Data section section start

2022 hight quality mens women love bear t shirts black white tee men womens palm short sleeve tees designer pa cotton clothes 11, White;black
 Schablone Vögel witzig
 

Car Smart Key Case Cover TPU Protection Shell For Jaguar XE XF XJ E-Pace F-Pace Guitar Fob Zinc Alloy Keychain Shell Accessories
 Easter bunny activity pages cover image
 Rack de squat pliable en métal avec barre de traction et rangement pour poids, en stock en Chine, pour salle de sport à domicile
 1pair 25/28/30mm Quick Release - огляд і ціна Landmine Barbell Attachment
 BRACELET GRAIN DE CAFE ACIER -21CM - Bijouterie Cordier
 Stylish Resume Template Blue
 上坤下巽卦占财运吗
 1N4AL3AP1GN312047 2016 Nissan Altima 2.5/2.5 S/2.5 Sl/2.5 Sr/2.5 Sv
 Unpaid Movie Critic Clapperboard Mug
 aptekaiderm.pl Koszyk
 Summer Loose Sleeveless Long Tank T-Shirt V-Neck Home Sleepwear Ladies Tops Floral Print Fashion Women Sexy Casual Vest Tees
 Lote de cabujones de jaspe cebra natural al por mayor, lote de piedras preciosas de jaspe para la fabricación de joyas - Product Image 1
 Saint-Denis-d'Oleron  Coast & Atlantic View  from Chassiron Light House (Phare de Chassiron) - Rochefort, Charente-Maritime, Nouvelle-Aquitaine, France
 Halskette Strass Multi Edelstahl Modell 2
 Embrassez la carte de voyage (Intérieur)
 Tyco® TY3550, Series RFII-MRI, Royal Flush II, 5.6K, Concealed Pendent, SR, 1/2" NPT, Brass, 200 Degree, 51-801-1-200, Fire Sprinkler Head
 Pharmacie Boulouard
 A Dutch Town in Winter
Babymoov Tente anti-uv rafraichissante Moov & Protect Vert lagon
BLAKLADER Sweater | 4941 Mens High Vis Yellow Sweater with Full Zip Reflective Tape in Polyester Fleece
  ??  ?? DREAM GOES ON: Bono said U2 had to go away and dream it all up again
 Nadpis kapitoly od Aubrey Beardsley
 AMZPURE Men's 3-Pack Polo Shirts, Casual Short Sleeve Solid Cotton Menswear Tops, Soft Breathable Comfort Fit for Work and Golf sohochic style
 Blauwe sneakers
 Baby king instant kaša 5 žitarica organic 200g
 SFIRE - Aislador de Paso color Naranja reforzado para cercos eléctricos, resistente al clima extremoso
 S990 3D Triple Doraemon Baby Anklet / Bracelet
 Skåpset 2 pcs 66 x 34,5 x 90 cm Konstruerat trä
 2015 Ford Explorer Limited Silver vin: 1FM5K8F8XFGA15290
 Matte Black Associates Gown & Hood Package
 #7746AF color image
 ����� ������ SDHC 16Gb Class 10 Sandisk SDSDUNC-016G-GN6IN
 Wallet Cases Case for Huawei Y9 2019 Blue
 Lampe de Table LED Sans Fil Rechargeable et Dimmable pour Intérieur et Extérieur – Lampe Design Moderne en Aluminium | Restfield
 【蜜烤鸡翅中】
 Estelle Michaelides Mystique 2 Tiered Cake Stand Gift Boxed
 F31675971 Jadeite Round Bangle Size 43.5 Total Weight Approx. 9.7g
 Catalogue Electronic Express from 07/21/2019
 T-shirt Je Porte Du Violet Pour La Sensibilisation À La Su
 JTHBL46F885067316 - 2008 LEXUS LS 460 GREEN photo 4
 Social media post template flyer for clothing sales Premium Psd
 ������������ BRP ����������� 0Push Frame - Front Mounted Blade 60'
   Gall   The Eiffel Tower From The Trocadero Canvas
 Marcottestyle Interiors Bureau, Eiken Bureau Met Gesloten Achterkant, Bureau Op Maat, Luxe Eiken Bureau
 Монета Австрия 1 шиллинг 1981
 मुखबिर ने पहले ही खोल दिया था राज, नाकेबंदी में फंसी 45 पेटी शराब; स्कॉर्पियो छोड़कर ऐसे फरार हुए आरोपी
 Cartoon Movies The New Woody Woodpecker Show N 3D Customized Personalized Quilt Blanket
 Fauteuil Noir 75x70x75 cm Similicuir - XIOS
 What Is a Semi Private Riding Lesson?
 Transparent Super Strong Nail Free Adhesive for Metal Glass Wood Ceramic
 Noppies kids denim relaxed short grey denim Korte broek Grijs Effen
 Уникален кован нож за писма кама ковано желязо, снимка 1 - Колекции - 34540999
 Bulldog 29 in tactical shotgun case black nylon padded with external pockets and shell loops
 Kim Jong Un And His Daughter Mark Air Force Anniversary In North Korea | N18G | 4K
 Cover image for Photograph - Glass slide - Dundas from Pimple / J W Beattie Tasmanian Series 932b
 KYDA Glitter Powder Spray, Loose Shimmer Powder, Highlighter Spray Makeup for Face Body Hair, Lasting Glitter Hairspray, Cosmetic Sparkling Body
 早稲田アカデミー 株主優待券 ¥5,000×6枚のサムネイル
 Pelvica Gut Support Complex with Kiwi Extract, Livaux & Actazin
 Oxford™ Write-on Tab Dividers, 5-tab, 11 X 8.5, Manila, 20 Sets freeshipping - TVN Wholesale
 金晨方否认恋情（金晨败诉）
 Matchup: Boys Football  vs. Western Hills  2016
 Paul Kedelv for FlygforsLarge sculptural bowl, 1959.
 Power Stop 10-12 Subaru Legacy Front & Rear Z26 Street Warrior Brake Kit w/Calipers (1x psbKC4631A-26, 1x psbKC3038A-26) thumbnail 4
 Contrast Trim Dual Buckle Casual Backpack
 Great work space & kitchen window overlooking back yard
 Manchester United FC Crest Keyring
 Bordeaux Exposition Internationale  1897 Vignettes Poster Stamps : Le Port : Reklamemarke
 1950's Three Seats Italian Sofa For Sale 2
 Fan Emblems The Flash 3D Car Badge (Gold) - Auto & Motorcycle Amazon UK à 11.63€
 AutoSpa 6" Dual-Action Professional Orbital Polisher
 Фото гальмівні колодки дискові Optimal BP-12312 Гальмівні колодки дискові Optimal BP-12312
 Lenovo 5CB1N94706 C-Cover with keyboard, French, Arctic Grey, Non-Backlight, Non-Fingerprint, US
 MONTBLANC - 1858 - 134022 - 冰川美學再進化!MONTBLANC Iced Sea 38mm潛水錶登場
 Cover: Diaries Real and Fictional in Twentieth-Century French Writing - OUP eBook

Data section section end

All the entries must be retyped exactly.

2022 hight quality mens women love bear t shirts black white tee men womens palm short sleeve tees designer pa cotton clothes 11, White;black
 Schablone Vögel witzig
 

Car Smart Key Case Cover TPU Protection Shell For Jaguar XE XF XJ E-Pace F-Pace Guitar Fob Zinc Alloy Keychain Shell Accessories
 Easter bunny activity pages cover image
 Rack de squat pliable en métal avec barre de traction et rangement pour poids, en stock en Chine, pour salle de sport à domicile
 1pair 25/28/30mm Quick Release - огляд і ціна Landmine Barbell Attachment
 BRACELET GRAIN DE CAFE ACIER -21CM - Bijouterie Cordier
 Stylish Resume Template Blue
 上坤下巽卦占财运吗
 1N4AL3AP1GN312047 2016 Nissan Altima 2.5/2.5 S/2.5 Sl/2.5 Sr/2.5 Sv
 Unpaid Movie Critic Clapperboard Mug
 aptekaiderm.pl Koszyk
 Summer Loose Sleeveless Long Tank T-Shirt V-Neck Home Sleepwear Ladies Tops Floral Print Fashion Women Sexy Casual Vest Tees
 Lote de cabujones de jaspe cebra natural al por mayor, lote de piedras preciosas de jaspe para la fabricación de joyas - Product Image 1
 Saint-Denis-d'Oleron  Coast & Atlantic View  from Chassiron Light House (Phare de Chassiron) - Rochefort, Charente-Maritime, Nouvelle-Aquitaine, France
 Halskette Strass Multi Edelstahl Modell 2
 Embrassez la carte de voyage (Intérieur)
 Tyco® TY3550, Series RFII-MRI, Royal Flush II, 5.6K, Concealed Pendent, SR, 1/2" NPT, Brass, 200 Degree, 51-801-1-200, Fire Sprinkler Head
 Pharmacie Boulouard
 A Dutch Town in Winter
Babymoov Tente anti-uv rafraichissante Moov & Protect Vert lagon
BLAKLADER Sweater | 4941 Mens High Vis Yellow Sweater with Full Zip Reflective Tape in Polyester Fleece
  ??  ?? DREAM GOES ON: Bono said U2 had to go away and dream it all up again
 Nadpis kapitoly od Aubrey Beardsley
 AMZPURE Men's 3-Pack Polo Shirts, Casual Short Sleeve Solid Cotton Menswear Tops, Soft Breathable Comfort Fit for Work and Golf sohochic style
 Blauwe sneakers
 Baby king instant kaša 5 žitarica organic 200g
 SFIRE - Aislador de Paso color Naranja reforzado para cercos eléctricos, resistente al clima extremoso
 S990 3D Triple Doraemon Baby Anklet / Bracelet
 Skåpset 2 pcs 66 x 34,5 x 90 cm Konstruerat trä
 2015 Ford Explorer Limited Silver vin: 1FM5K8F8XFGA15290
 Matte Black Associates Gown & Hood Package
 #7746AF color image
 ����� ������ SDHC 16Gb Class 10 Sandisk SDSDUNC-016G-GN6IN
 Wallet Cases Case for Huawei Y9 2019 Blue
 Lampe de Table LED Sans Fil Rechargeable et Dimmable pour Intérieur et Extérieur – Lampe Design Moderne en Aluminium | Restfield
 【蜜烤鸡翅中】
 Estelle Michaelides Mystique 2 Tiered Cake Stand Gift Boxed
 F31675971 Jadeite Round Bangle Size 43.5 Total Weight Approx. 9.7g
 Catalogue Electronic Express from 07/21/2019
 T-shirt Je Porte Du Violet Pour La Sensibilisation À La Su
 JTHBL46F885067316 - 2008 LEXUS LS 460 GREEN photo 4
 Social media post template flyer for clothing sales Premium Psd
 ������������ BRP ����������� 0Push Frame - Front Mounted Blade 60'
   Gall   The Eiffel Tower From The Trocadero Canvas
 Marcottestyle Interiors Bureau, Eiken Bureau Met Gesloten Achterkant, Bureau Op Maat, Luxe Eiken Bureau
 Монета Австрия 1 шиллинг 1981
 मुखबिर ने पहले ही खोल दिया था राज, नाकेबंदी में फंसी 45 पेटी शराब; स्कॉर्पियो छोड़कर ऐसे फरार हुए आरोपी
 Cartoon Movies The New Woody Woodpecker Show N 3D Customized Personalized Quilt Blanket
 Fauteuil Noir 75x70x75 cm Similicuir - XIOS
 What Is a Semi Private Riding Lesson?
 Transparent Super Strong Nail Free Adhesive for Metal Glass Wood Ceramic
 Noppies kids denim relaxed short grey denim Korte broek Grijs Effen
 Уникален кован нож за писма кама ковано желязо, снимка 1 - Колекции - 34540999
 Bulldog 29 in tactical shotgun case black nylon padded with external pockets and shell loops
 Kim Jong Un And His Daughter Mark Air Force Anniversary In North Korea | N18G | 4K
 Cover image for Photograph - Glass slide - Dundas from Pimple / J W Beattie Tasmanian Series 932b
 KYDA Glitter Powder Spray, Loose Shimmer Powder, Highlighter Spray Makeup for Face Body Hair, Lasting Glitter Hairspray, Cosmetic Sparkling Body
 早稲田アカデミー 株主優待券 ¥5,000×6枚のサムネイル
 Pelvica Gut Support Complex with Kiwi Extract, Livaux & Actazin
 Oxford™ Write-on Tab Dividers, 5-tab, 11 X 8.5, Manila, 20 Sets freeshipping - TVN Wholesale
 金晨方否认恋情（金晨败诉）
 Matchup: Boys Football  vs. Western Hills  2016
 Paul Kedelv for FlygforsLarge sculptural bowl, 1959.
 Power Stop 10-12 Subaru Legacy Front & Rear Z26 Street Warrior Brake Kit w/Calipers (1x psbKC4631A-26, 1x psbKC3038A-26) thumbnail 4
 Contrast Trim Dual Buckle Casual Backpack
 Great work space & kitchen window overlooking back yard
 Manchester United FC Crest Keyring
 Bordeaux Exposition Internationale  1897 Vignettes Poster Stamps : Le Port : Reklamemarke
 1950's Three Seats Italian Sofa For Sale 2
 Fan Emblems The Flash 3D Car Badge (Gold) - Auto & Motorcycle Amazon UK à 11.63€
 AutoSpa 6" Dual-Action Professional Orbital Polisher
 Фото гальмівні колодки дискові Optimal BP-12312 Гальмівні колодки дискові Optimal BP-12312
 Lenovo 5CB1N94706 C-Cover with keyboard, French, Arctic Grey, Non-Backlight, Non-Fingerprint, US
 MONTBLANC - 1858 - 134022 - 冰川美學再進化!MONTBLANC Iced Sea 38mm潛水錶登場
 Cover: Diaries Real and Fictional in Twentieth-Century French Writing - OUP eBook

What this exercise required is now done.